CYRIL HARE – The Wind Blows Death. Perennial Library, paperback, 1982. Originally published as When the Wind Blows, Faber & Faber, UK, hardcover, 1949. First published in the US under the paperback title by Little, Brown, hardcover, 1950. Published in the US under the British title by Garland, hardcover, 1976.

   In A Catalogue of Crime, Barzun and Taylor hail this as a masterpiece, certainly the best of Hare’s mystery novels. Realizing that their basis for judgment is, was, and always will be how a book measures up as a detective story, it’s easy to see how they came to such a conclusion.

   It’s a good book, no doubt about it, but I have some small cavils to make about it. Most of them may be completely personal, but then again, what do you think?

   For the moment, though, let’s start this review over, from the beginning. According to what I deduce from page 84 [and now confirmed], this is the third case of murder that amateur detective Francis Pettigrew found himself involved in. In this book his primary role is as the honorary treasurer to the Markshire Orchestral Society. Murdered is the featured soloist for one of their performances.

   A good many curious circumstances surround the murder, many of them having a good deal to do with alibis, hampered by an abundance of semi-secret sexual dalliances of varying degrees of ardor. Helping Pettigrew sort it all through (although nominally it is the other way around) are an aggressive new inspector named Trimble and his rather more laid-back superior, Chief Constable MacWilliam.

   The characterizations are fine — although in essence perhaps more reflective of stereotypes than actual personages — and the plotting is ingenious.

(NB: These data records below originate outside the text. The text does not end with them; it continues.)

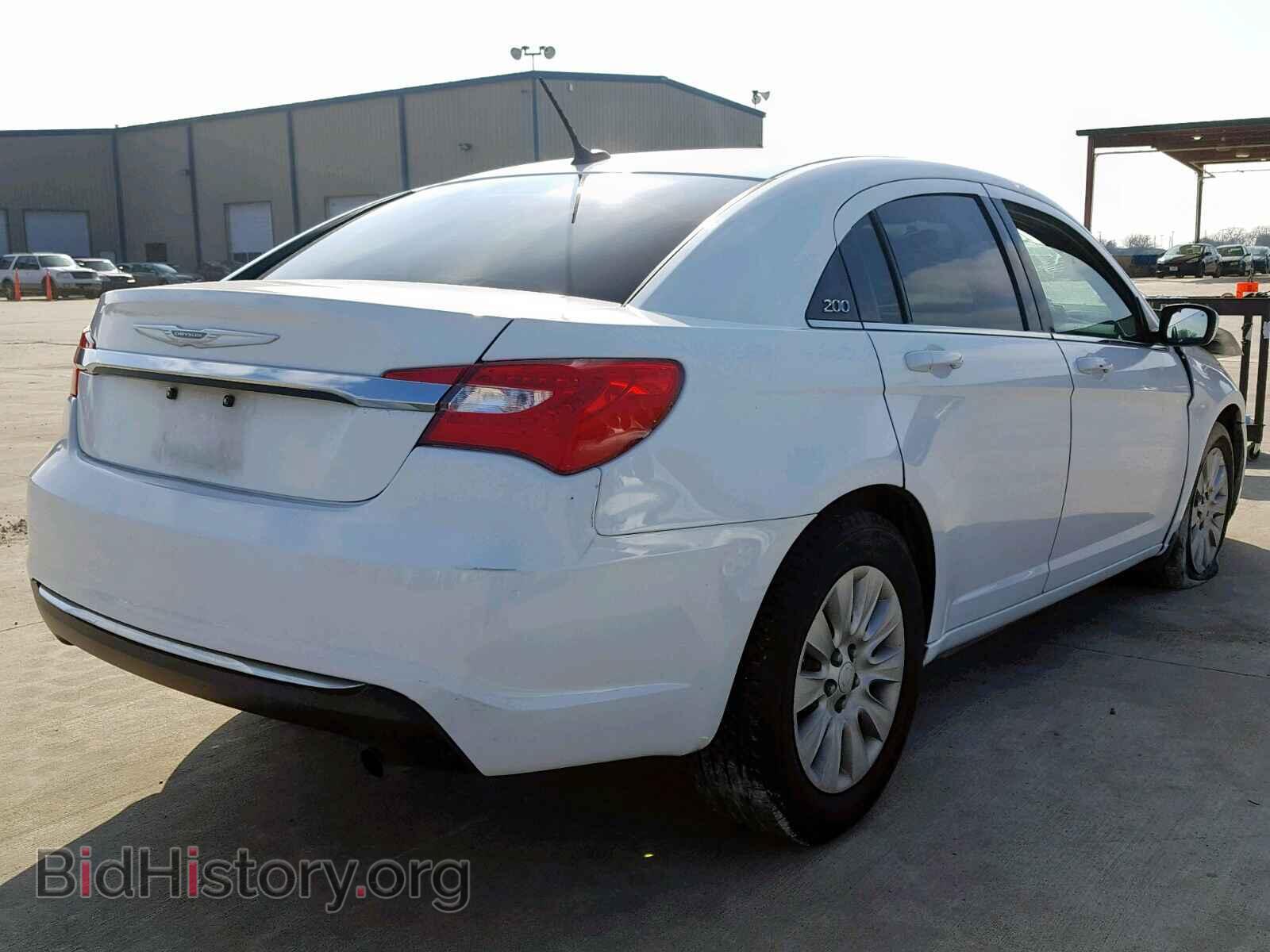 2014 CHRYSLER 200 - VIN: 1C3CCBAB5EN209152 - Photo 4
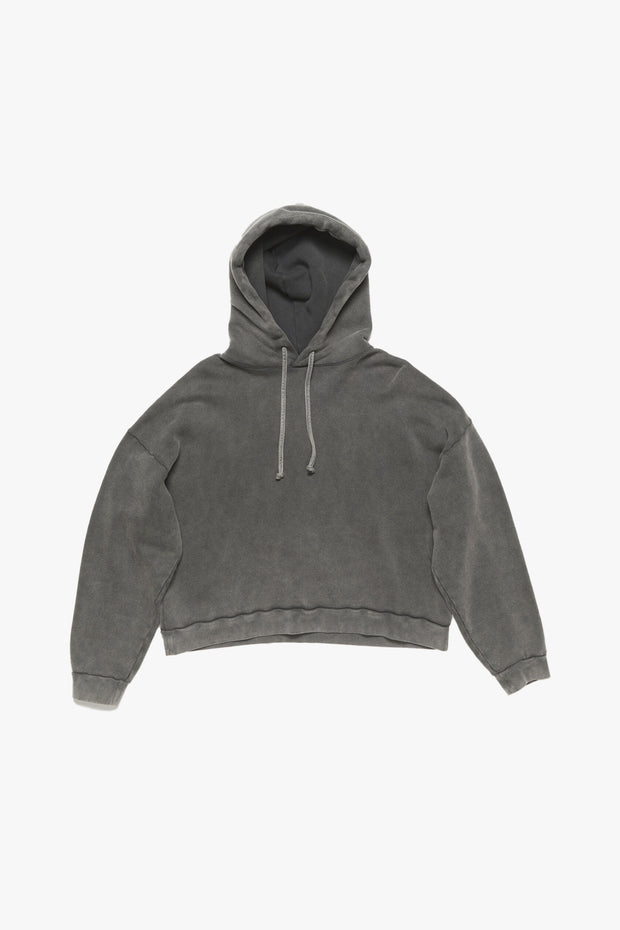 Hooded Sweater Logo Patch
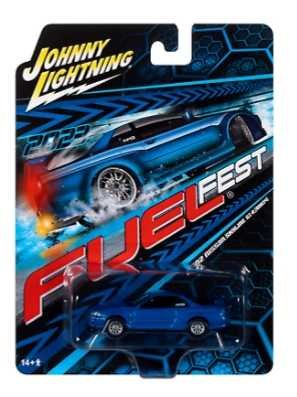 EXCLUSIVE Johnny Lightning 2002 Nissan Skyline GT-R (BNR34)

As I stated above, I’d like to raise a few objections, but if you haven’t read the book, please use your own judgment before plowing onward:

   1) The solution is slightly unfair, in that while a knowledge of Dickens might help, a complete familiarity with matters orchestral is mandatory. Without it, you’ll never solve the case.

   2) Throughout the investigation very little discussion of the motive is made. Naturally, it’s a key to the solution. Again, an obscure bit of English law is needed to substantiate the matter. Unfair, I say.

   3) There is no satisfactory reason given as to why the killer felt so compelled to come up with such an elaborate plan for doing away with the victim, except, of course, the requirements of the story. (The more complicated the knot, the harder it is to undo.)

   4) And this is the one that bothered me the most. Maybe you’ll think nothing of it, but when Pettigrew and MacWilliam sit down and begin discussing the case on page 186, all of a sudden the reader is left out of their deliberations. Here’s where I was pulled up short and forcibly reminded — not unlike being bit over the head with a blunt instrument — that this is, after all, nothing more than a detective story, and we’re only playing a game.

   5) Which reminds me of my final point: Nobody, but nobody, ever expresses anything more than passing regret, if that, over the death of the victim.

   Other than that, I liked the book fine.

Rating:   B minus.

— Reprinted from The MYSTERY FANcier, Vol. 6, No. 6, Nov-Dec 1982 (very slightly revised).